> **WHAT THE TASK REQUIRES**
Omit the images and return the remaining entries unchanged.
:::::
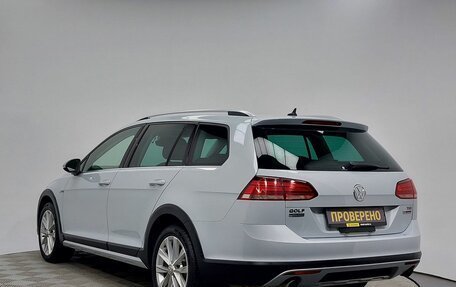 Volkswagen Golf VII, 2017 год, 1 950 000 рублей, 7 фотография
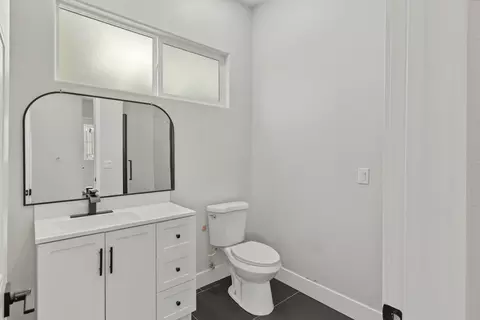 Bath - 431 Sycamore Ave, Manteca, CA 95336 photo 7 of 9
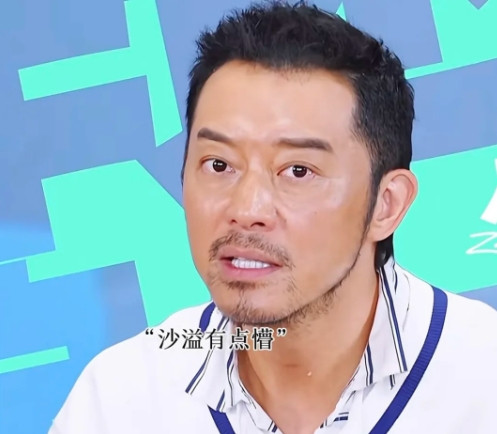 沙溢减肥成功了，但感觉魂没了。现在上综艺，经常两眼放空，双目无神。他自己都说断碳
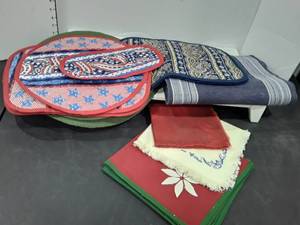 lot 1543 image: Variety of placemats and napkins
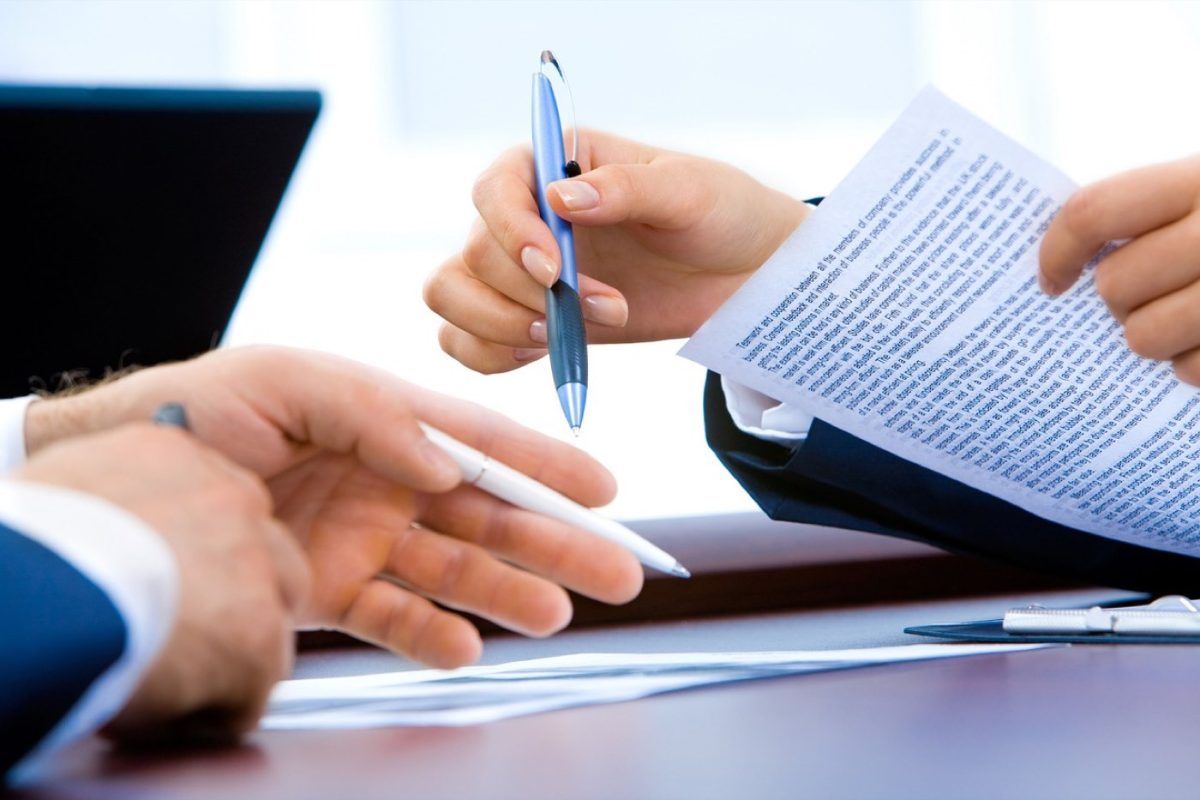 Deel ou PAPAYA Global : quel service pour l’emploi international
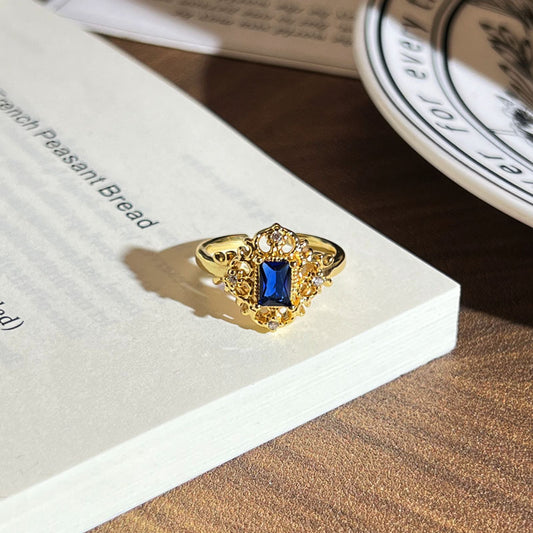 Vintage Sapphire Gold Ring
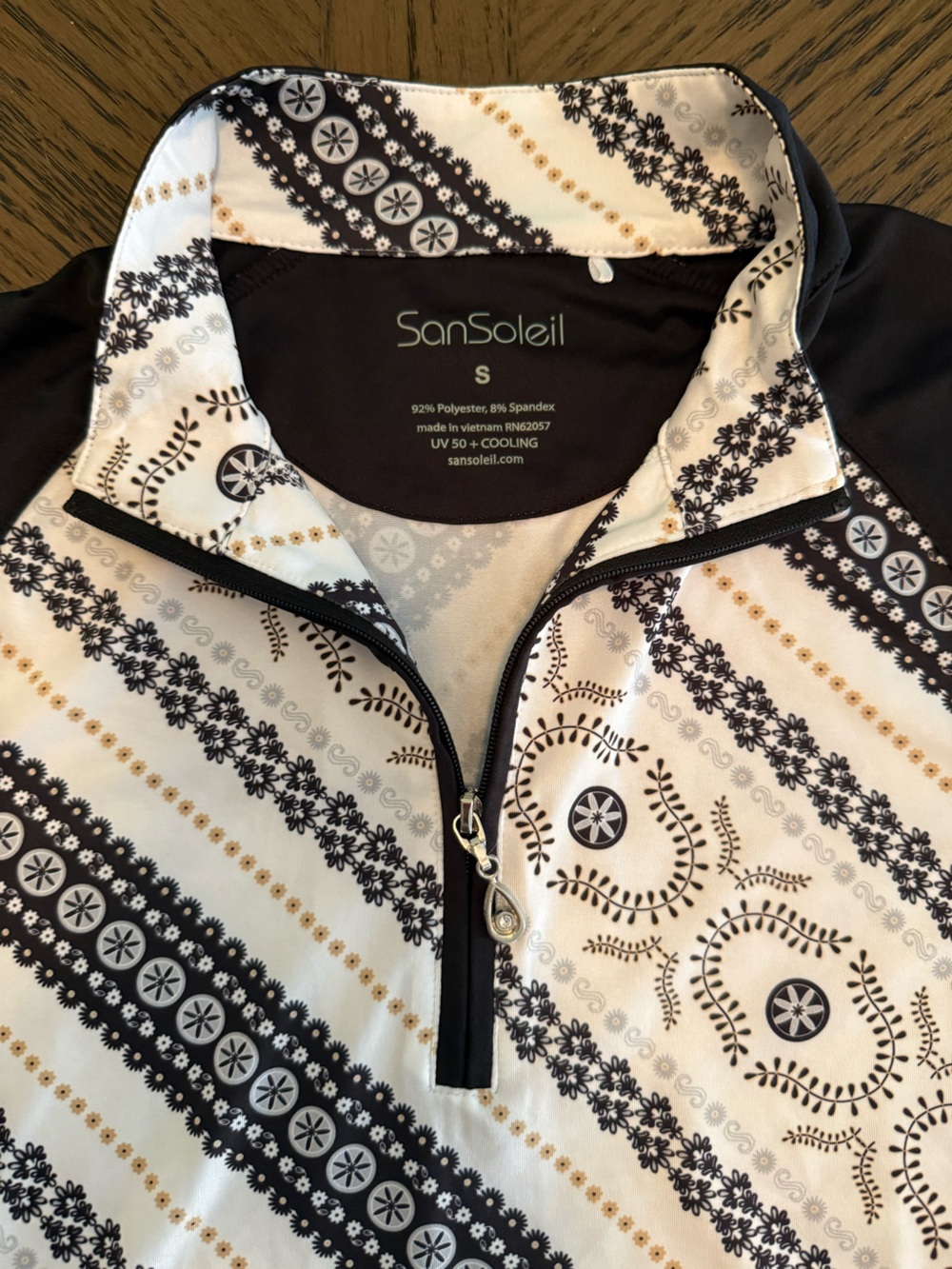 SanSoleil Women's Black & White Printed Zip-Front Top Sun Shirt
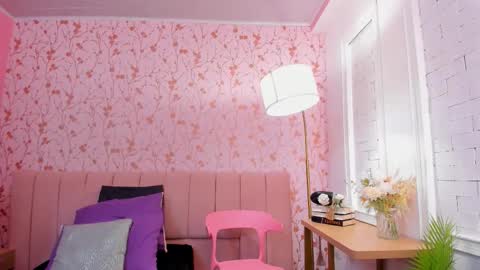 Snapshot of amelia_adms chatting on October 12, 12:15 pm Amelia Adams online show from October 12, 12:15 pm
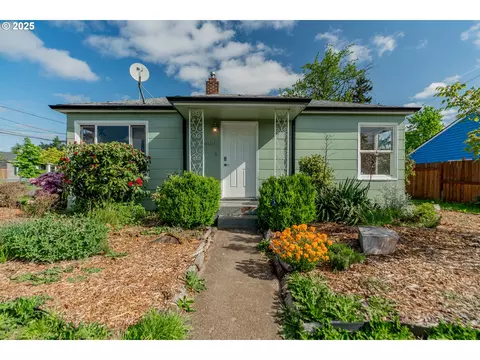 8405 SE Glenwood St, Portland, OR 97266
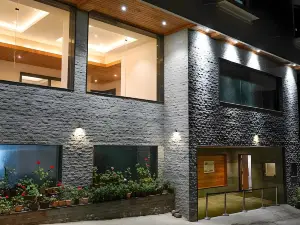 Yashshree Sanderling Mall Road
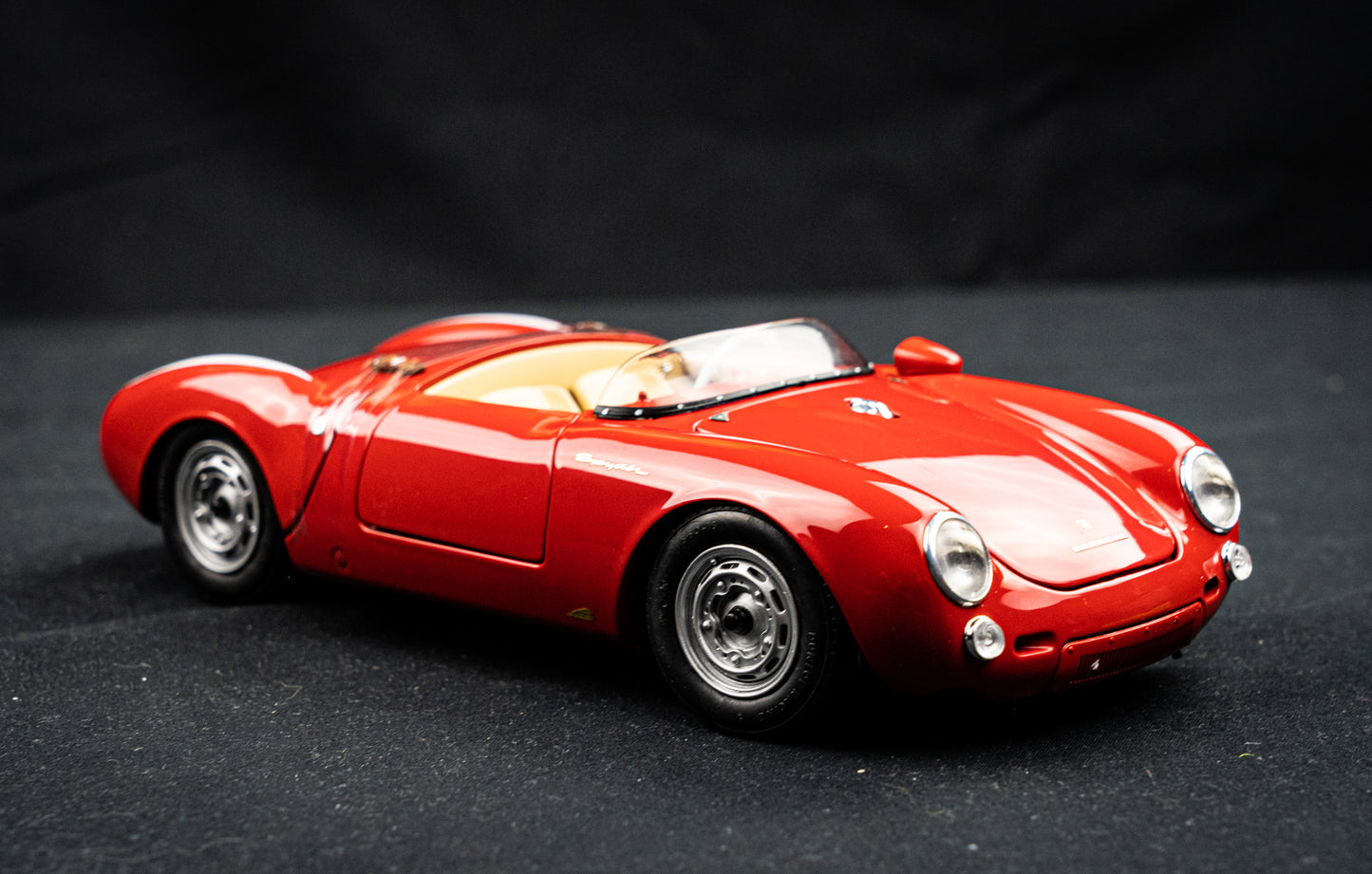 Porsche 550 A Spyder Baujahr 1953 - 57 in rot Schuco 1:18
:::::
> **SOLUTION TO THIS TASK**
 Volkswagen Golf VII, 2017 год, 1 950 000 рублей, 7 фотография
 Bath - 431 Sycamore Ave, Manteca, CA 95336 photo 7 of 9
 沙溢减肥成功了，但感觉魂没了。现在上综艺，经常两眼放空，双目无神。他自己都说断碳
 lot 1543 image: Variety of placemats and napkins
 Deel ou PAPAYA Global : quel service pour l’emploi international
 Vintage Sapphire Gold Ring
 SanSoleil Women's Black & White Printed Zip-Front Top Sun Shirt
 Snapshot of amelia_adms chatting on October 12, 12:15 pm Amelia Adams online show from October 12, 12:15 pm
 8405 SE Glenwood St, Portland, OR 97266
 Yashshree Sanderling Mall Road
 Porsche 550 A Spyder Baujahr 1953 - 57 in rot Schuco 1:18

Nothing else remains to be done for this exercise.